** Opening Supplied material block **

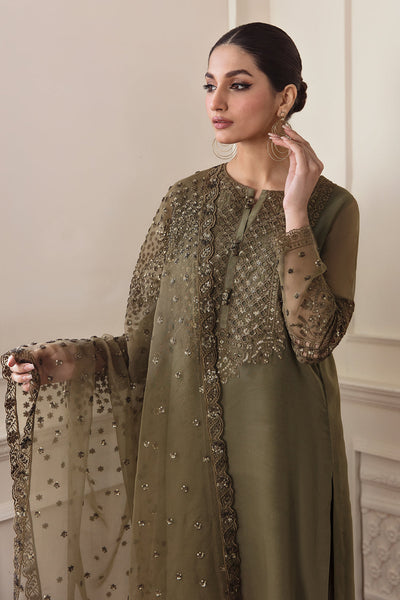 Baroque | Formals Collection | EMBROIDERED CHIFFON UF-295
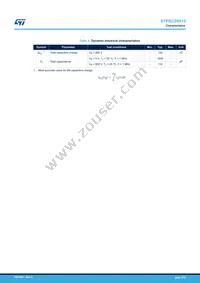 STPSC20H12WL Datasheet Page 3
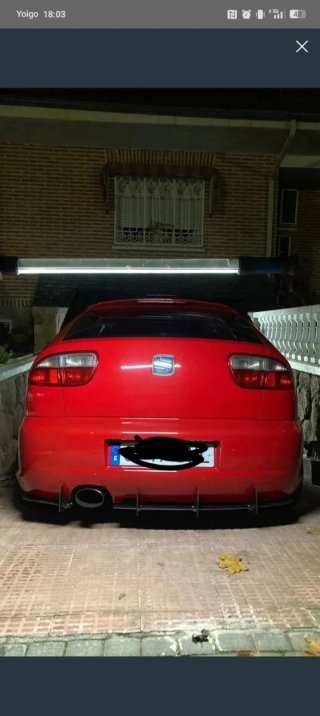 Difusor Seat León Cupra MK1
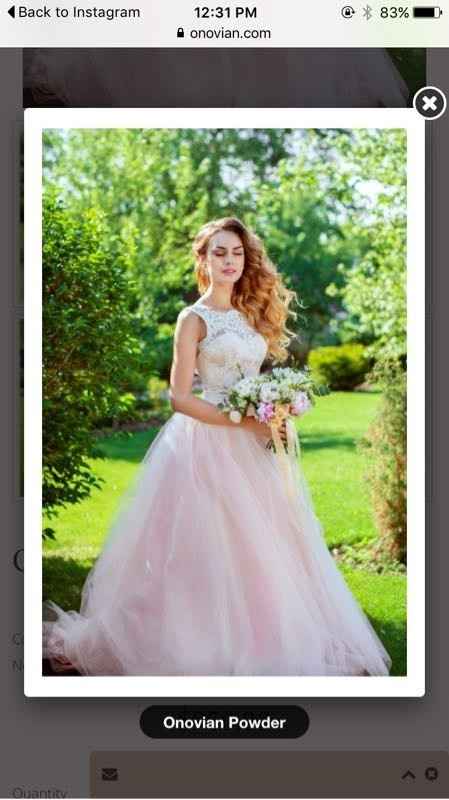 Onovian.com for wedding dresses?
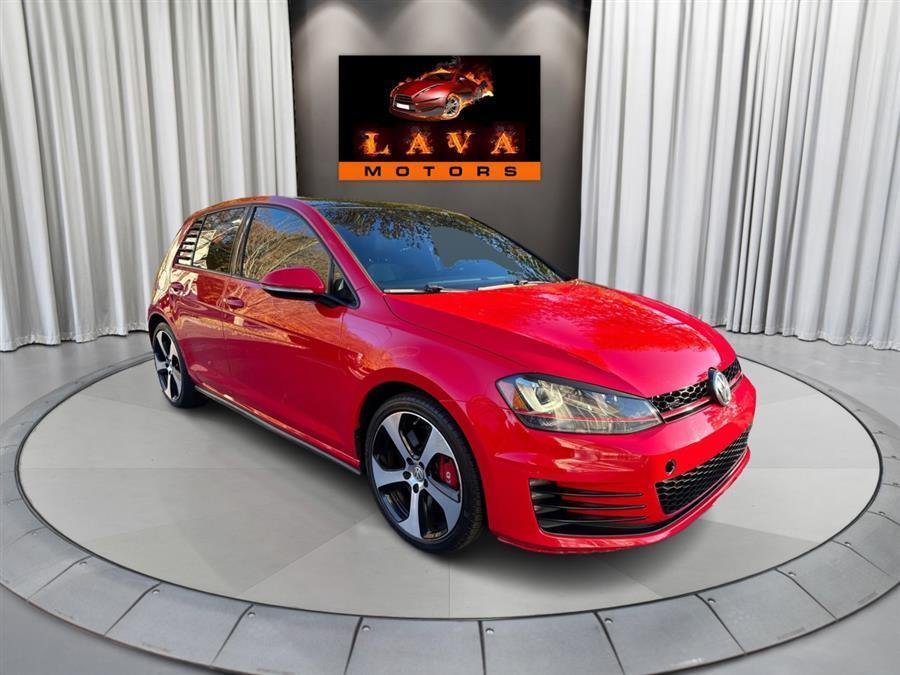 used 2016 Volkswagen Golf GTI car, priced at $12,990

** Closing Supplied material block **

Reproduce word for word the lines from the one containing "Difusor Seat León Cupra MK1" through the end of the data, both ends kept. Drop the pictures.

(Response):
 Difusor Seat León Cupra MK1
 Onovian.com for wedding dresses?
 used 2016 Volkswagen Golf GTI car, priced at $12,990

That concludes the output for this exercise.